Aim of the exercise
Write out exactly, excluding pictures, the lines from the one containing "this 600×900 image." through the end of the data, both included.

Saved data entries
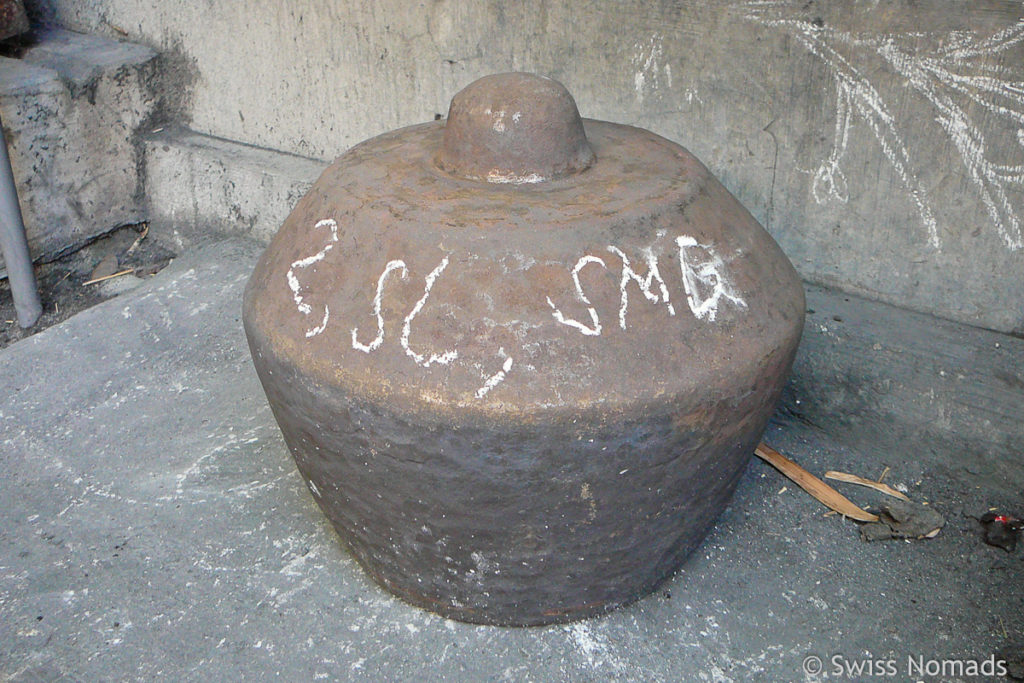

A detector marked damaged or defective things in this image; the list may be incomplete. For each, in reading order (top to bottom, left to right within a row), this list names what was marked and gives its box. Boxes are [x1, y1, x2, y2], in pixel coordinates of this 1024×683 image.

rusty metal patina [244, 73, 804, 624]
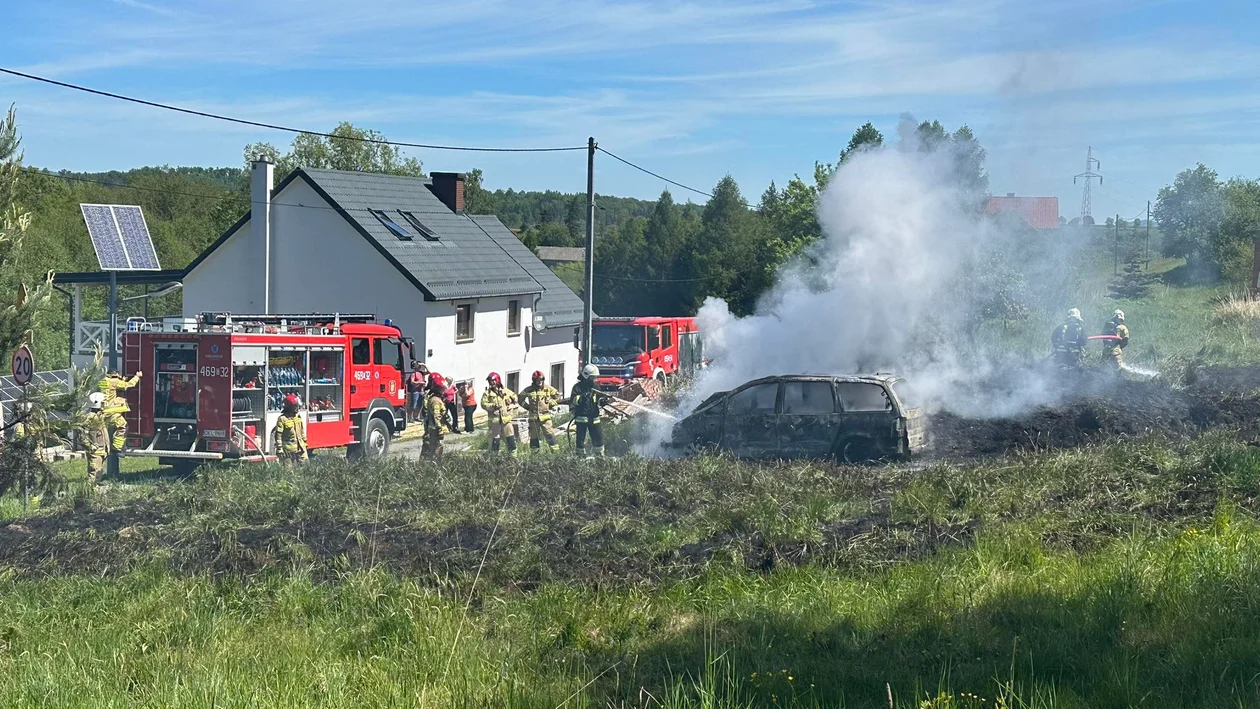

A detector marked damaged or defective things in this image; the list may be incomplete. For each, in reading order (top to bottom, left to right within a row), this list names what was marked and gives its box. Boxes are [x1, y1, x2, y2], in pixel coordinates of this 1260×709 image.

burned car [670, 375, 927, 463]
charred car wreck [670, 375, 927, 463]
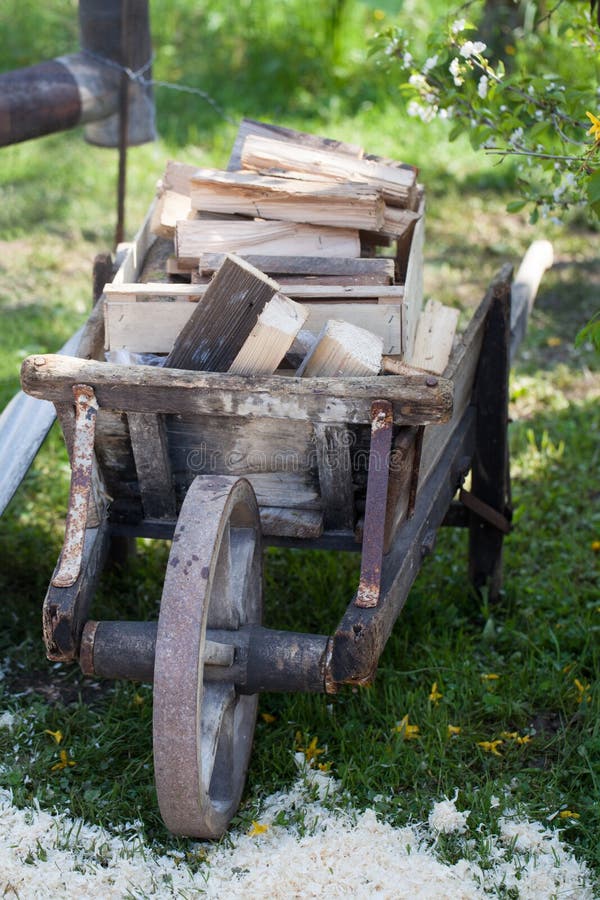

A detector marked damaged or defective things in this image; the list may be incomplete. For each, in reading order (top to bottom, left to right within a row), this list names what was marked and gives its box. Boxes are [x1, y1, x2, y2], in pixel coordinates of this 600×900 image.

rusty iron bracket [51, 384, 98, 592]
rusty iron bracket [356, 402, 394, 608]
rusty iron bracket [460, 492, 510, 536]
rusty metal wheel [151, 474, 262, 840]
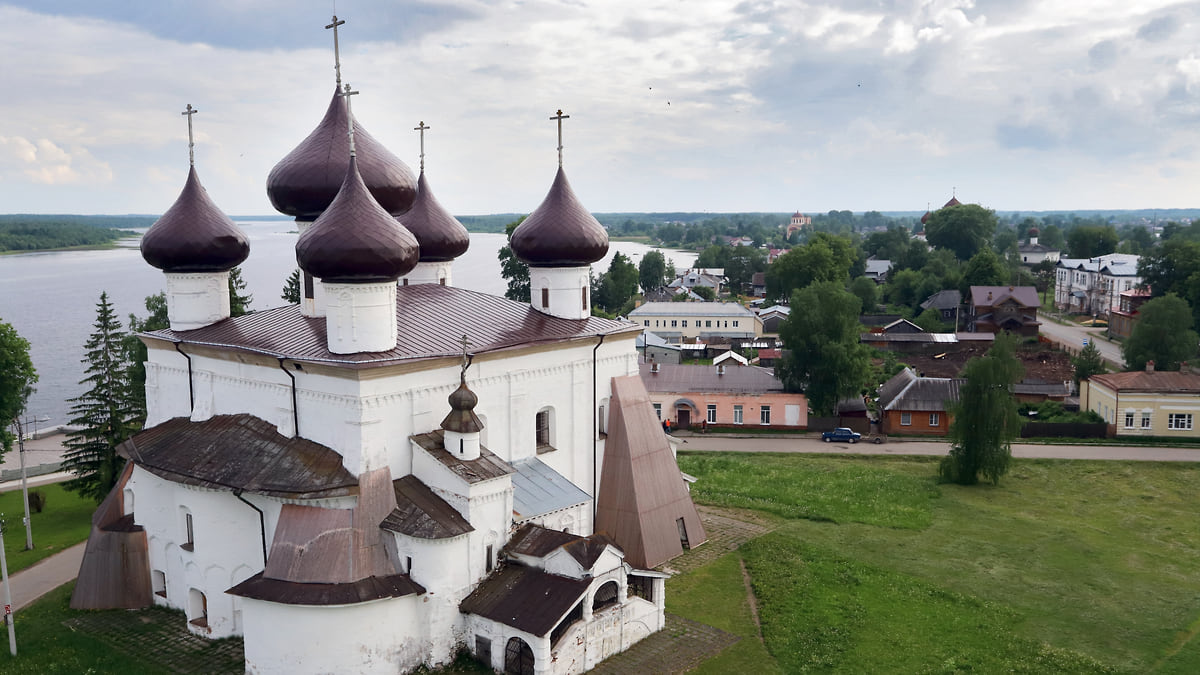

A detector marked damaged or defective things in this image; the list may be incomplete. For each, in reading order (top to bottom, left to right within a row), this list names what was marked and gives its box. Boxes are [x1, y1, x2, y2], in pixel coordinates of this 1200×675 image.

Result for this task
A detector marked damaged or defective things in this image; the list may be incomplete. For each, in reading order (top to bottom, left to right within a row), this list names what was marked and gives its box. Boxes are [x1, y1, x2, y2], in pixel coordinates of this 600×900 image.

rusty iron bracket [51, 384, 98, 592]
rusty iron bracket [356, 402, 394, 608]
rusty iron bracket [460, 492, 510, 536]
rusty metal wheel [151, 474, 262, 840]

A detector marked damaged or defective things in this image; the list may be incomplete. For each, in reading order (top to bottom, left to right within a row), this list names what was marked and gives its box. Boxes are [x1, y1, x2, y2], in pixel coordinates of this 1200×675 image.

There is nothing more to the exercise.